Tumor cells (green) are grown in a dish with engineered T cells alone (top) or with engineered T cells harboring two cytokines tethered to their surface (bottom). The engineered T cells containing the tethered cytokines lead to greater eradication of tumors. Image credit: Rosa Nguyen, M.D., Ph.D.
Researchers from CCR have developed a new technology to help T-cell therapies work better against solid tumors using mice as models of adult and pediatric cancers. The advance, published November 1, 2023, in Clinical Cancer Research, introduces a novel approach that allows immune cells to overcome the challenging environment inside those tumors.
Autologous T-cell therapy is a type of immunotherapy in which a patient’s own immune cells are removed from the body, manipulated in the lab to better fight cancer cells, and multiplied before being given back to the patient by intravenous infusion. While T-cell therapy has been successful in treating many blood cancers, the same success has not been reached for a large number of solid tumors.
This resistance to T-cell therapy partly stems from solid tumor bulkiness and confinement, said Rosa Nguyen, M.D., Ph.D., Lasker Clinical Research Scholar in the Pediatric Oncology Branch. “Solid tumors lack the optimal environment for T cells to function,” she continued, “because their surroundings lack the nutrients and signals needed to help stimulate and support T-cell activity.”
Among these missing signal components are molecules called cytokines, Nguyen explained, which help initiate and amplify T-cell activity. To address this problem, Nguyen and her team, in collaboration with her CCR colleagues and scientists from Rutgers Cancer Institute, New Brunswick, New Jersey, developed a method to attach two important cytokines to the surface of engineered T cells. Now, not only would the T cells seek out cancer, but in doing so they would carry their own cytokines into the tumors to support tumor cell destruction.

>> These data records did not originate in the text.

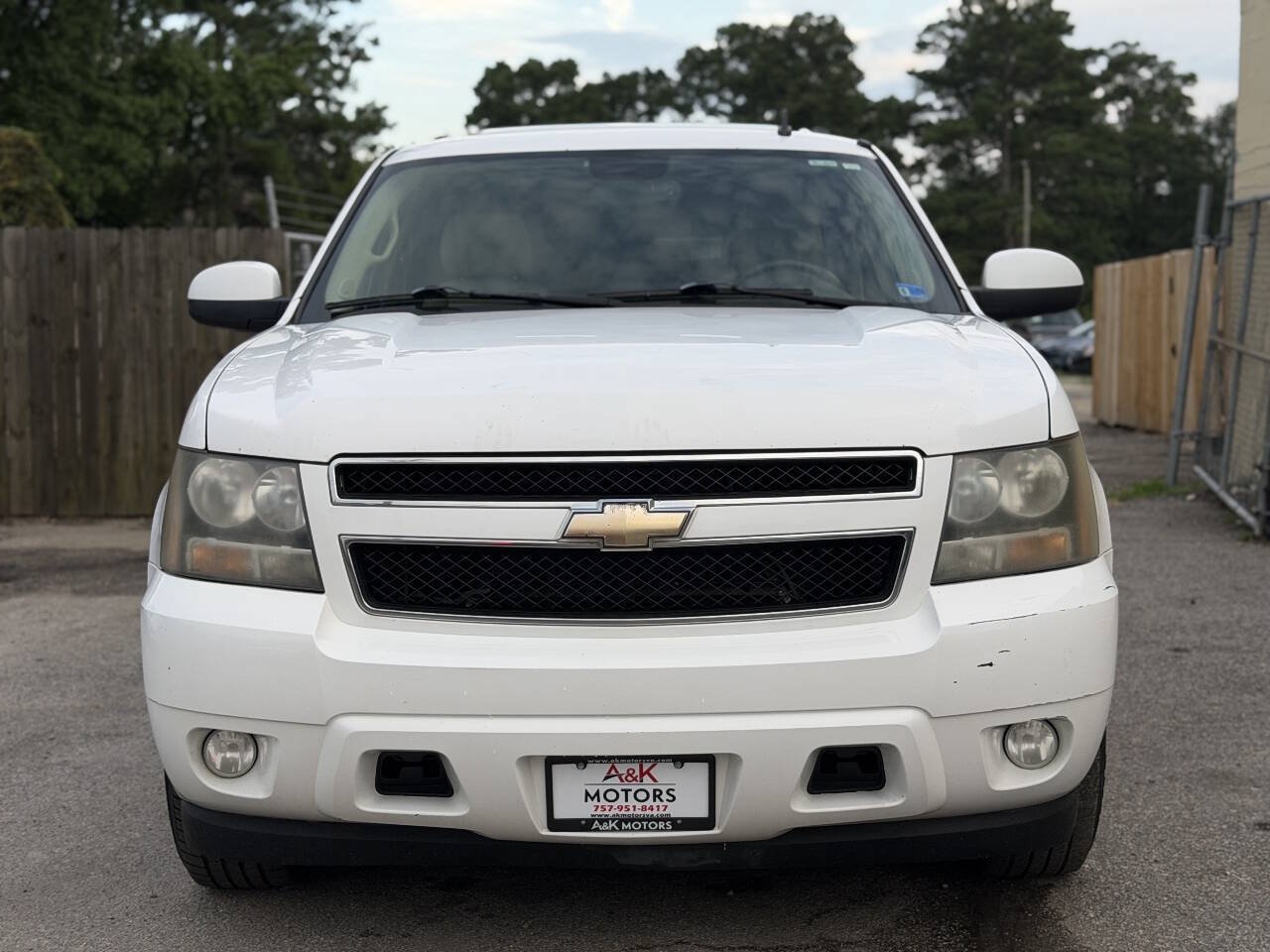 Used 2009 Chevrolet Suburban LT w/ Luxury Package RWD image 3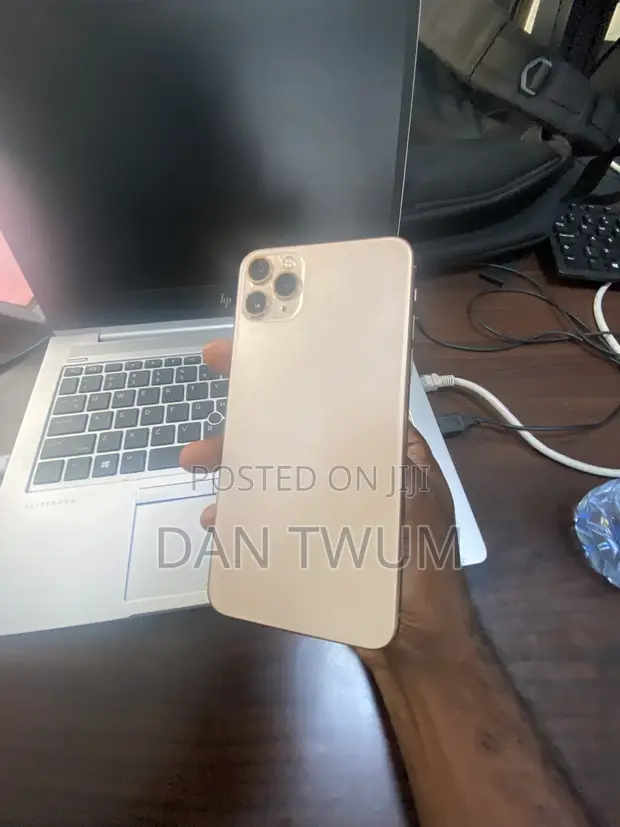 Apple iPhone 11 Pro Max 64GB Gold - 1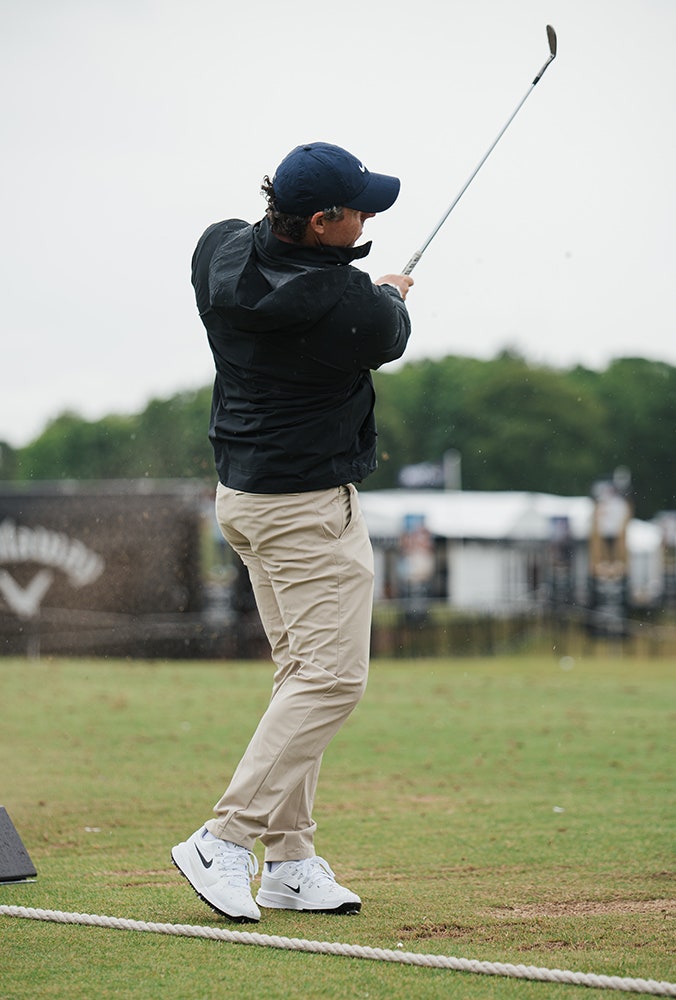 Rory Mcilroy - Waterproof Golf Jacket - Nike Storm-Fit Hoodie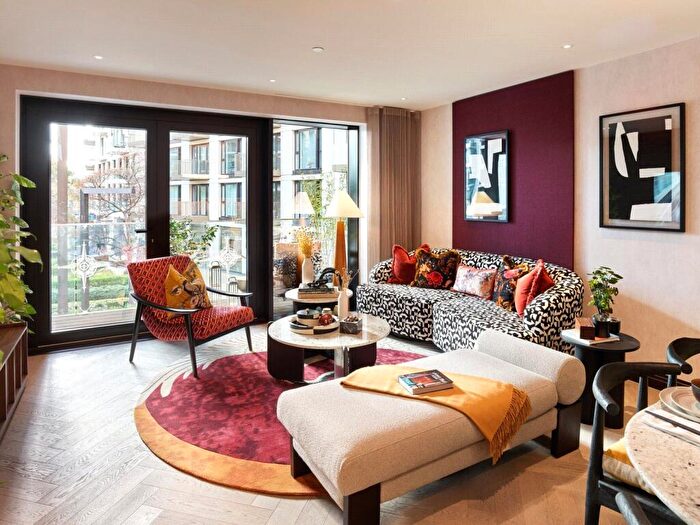 1 Bedroom Apartment For Sale In London Dock, Arrival Square, Wapping, E1W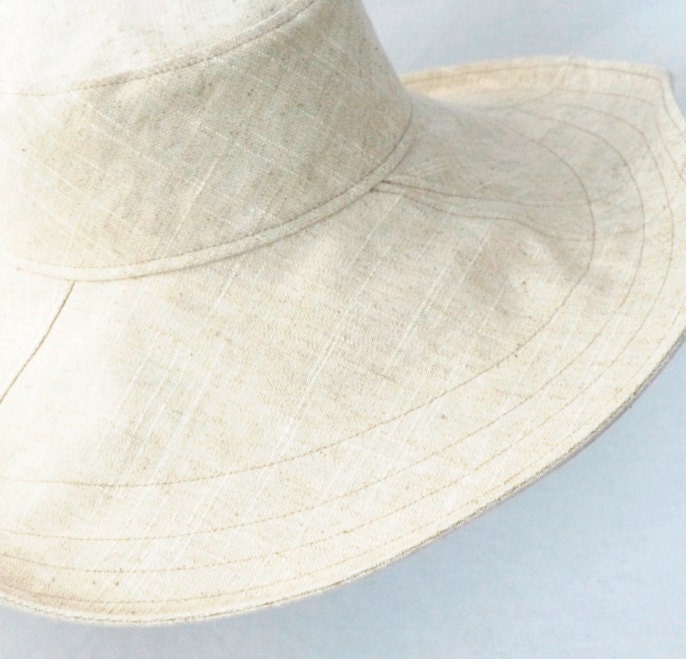 Womens Floppy Hat in Oaty Linen : M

In a series of experiments, the team looked to see if the technology could help T cells overcome exhaustion when dealing with a particularly large tumor load. They grew their modified T cells together with cancer cells in a dish, and as the T cells eradicated the cancer, the researchers continued to add new cancer cells to the mix. Unlike T cells without the two cytokines, the technology showed fewer signs of exhaustion, and the engineered T cells had an enhanced tumor-fighting capacity, Nguyen said.

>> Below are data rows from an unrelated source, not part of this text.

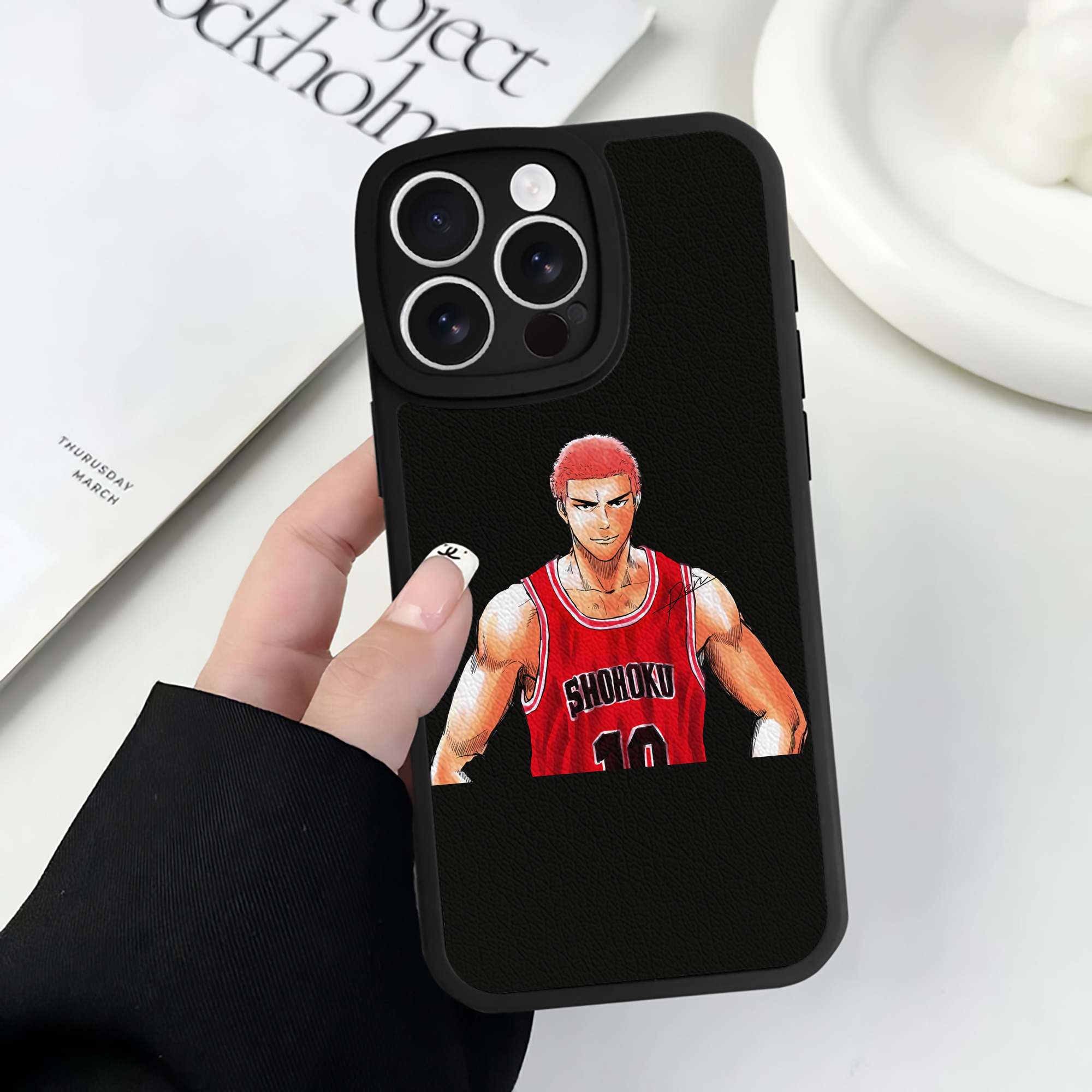 （画像用） SLAM DUNK／スラムダンク 【iPhone 16シリーズ対応】シリコンスマホケース（レザー調） 材質：シリコン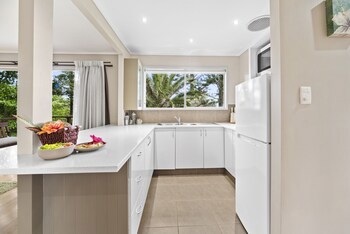 Broad Leaf Villas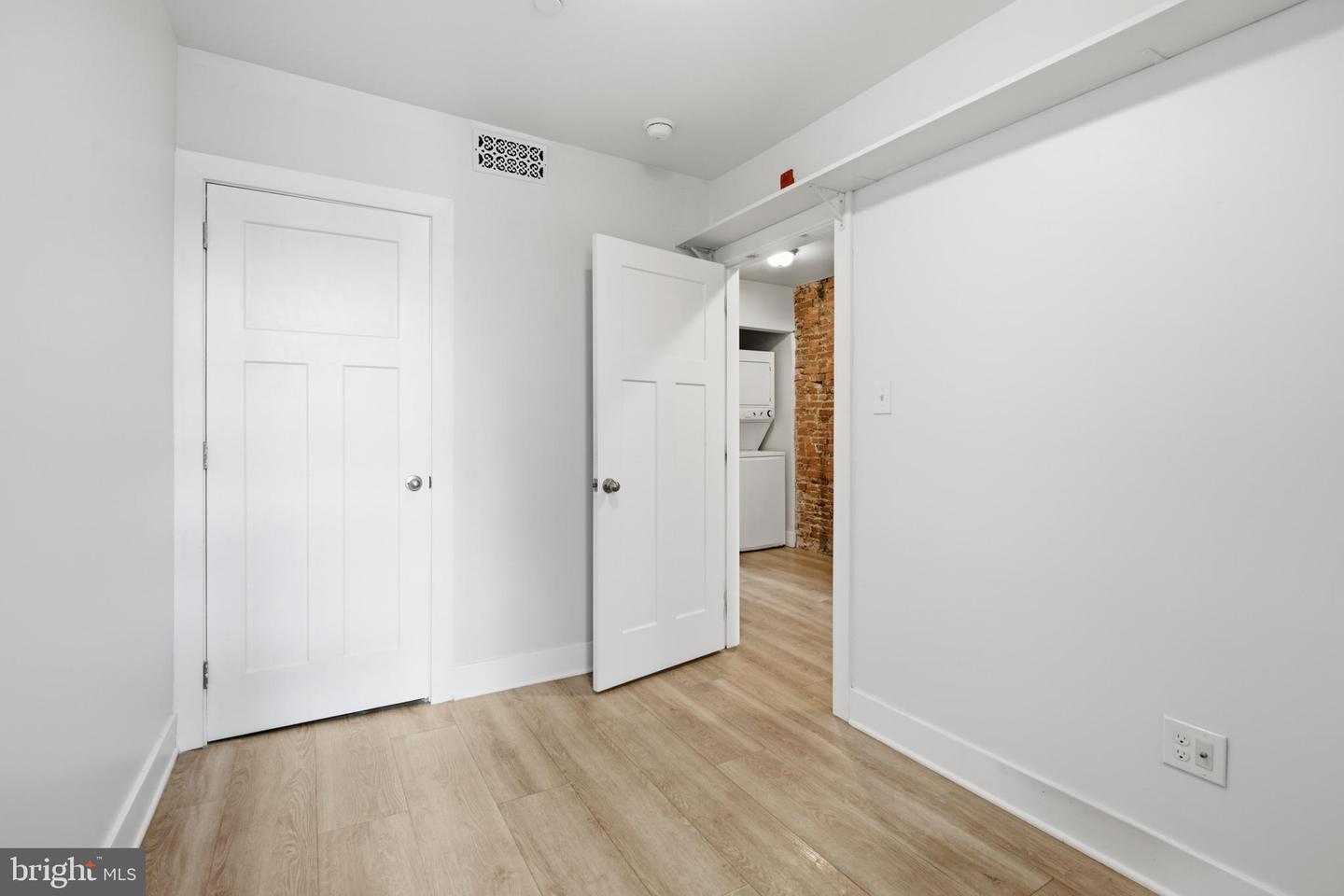 651 N 33rd St #3 Property Photo 6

Next, to validate their findings in the dish, Nguyen’s team used the engineered T cells to treat mouse models of adult cervical cancer and pediatric neuroblastoma. In addition, they tested two types of T-cell therapies that are currently used in clinical trials to treat cancers in people.

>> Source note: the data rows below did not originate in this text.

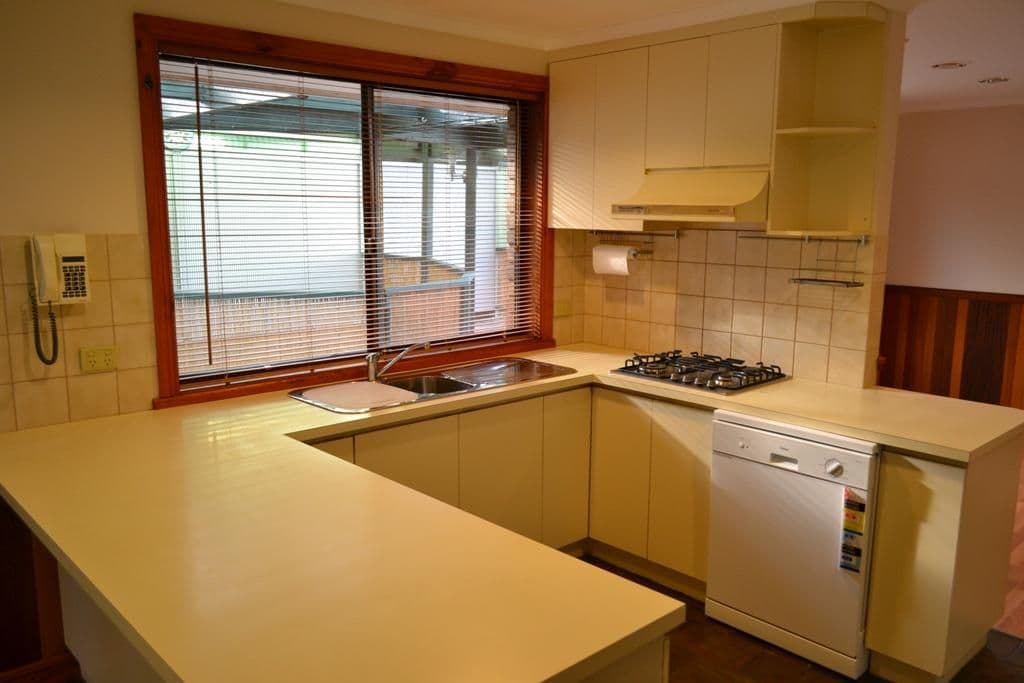 2 Lyons Court, SUNBURY VIC 3429, Sunbury - Thumbnail 3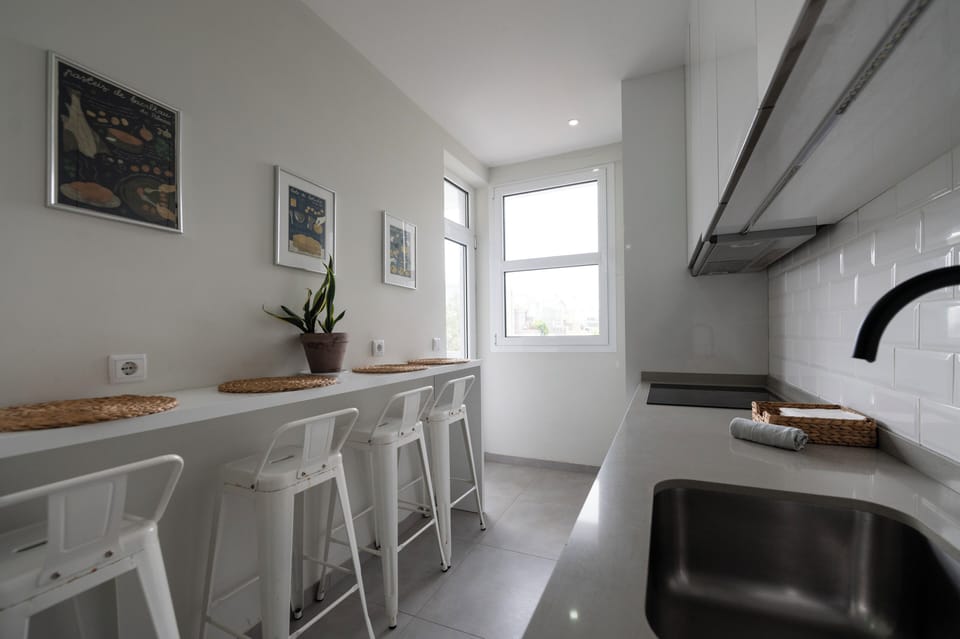 Apartment, City View | Private kitchen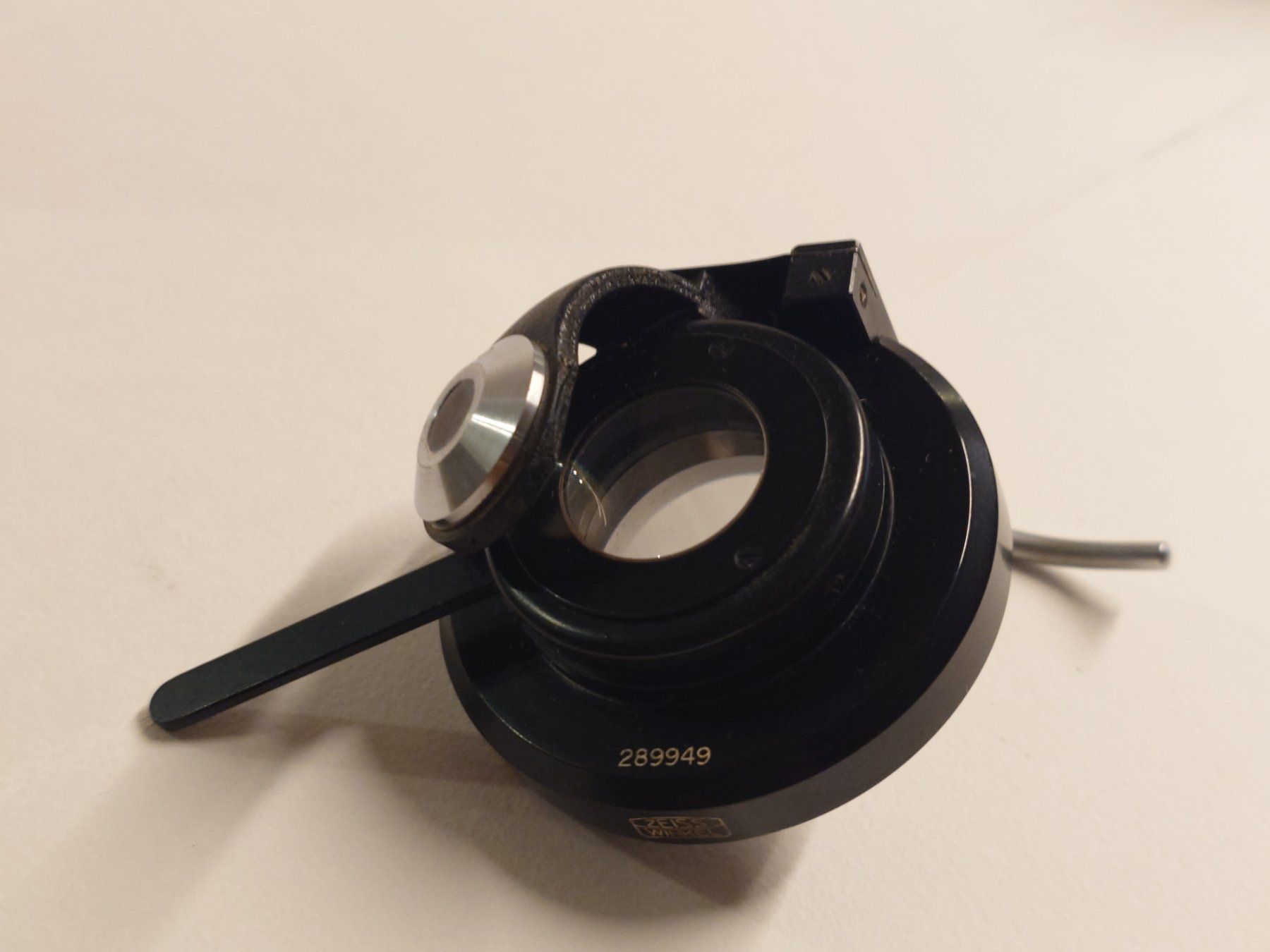 Zeiss Microscopi: Zeiss Winkel Mikroskop-Kondensor 0,9 mit Klapplins – Usato da Greifensee venduto da Freakler 1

In all combinations tested, the mice treated with engineered T cells harboring the two cytokines had the best tumor clearance and lived the longest. Notably, in the adult cervical cancer mouse model, the new technology eradicated the tumors completely in 80 percent of the mice. Although cytokines can sometimes overstimulate the immune system to ill effect, the experimental treatment did not cause any serious side effects in these two models, Nguyen noted.
Nguyen’s team is continuing to test the T-cell therapy technology in mouse models of additional cancers and with various types of engineered T cells. With more data from these experiments in mice, Nguyen hopes to move this treatment into clinical trials to enhance the effectiveness of T-cell therapy for patients with solid tumors.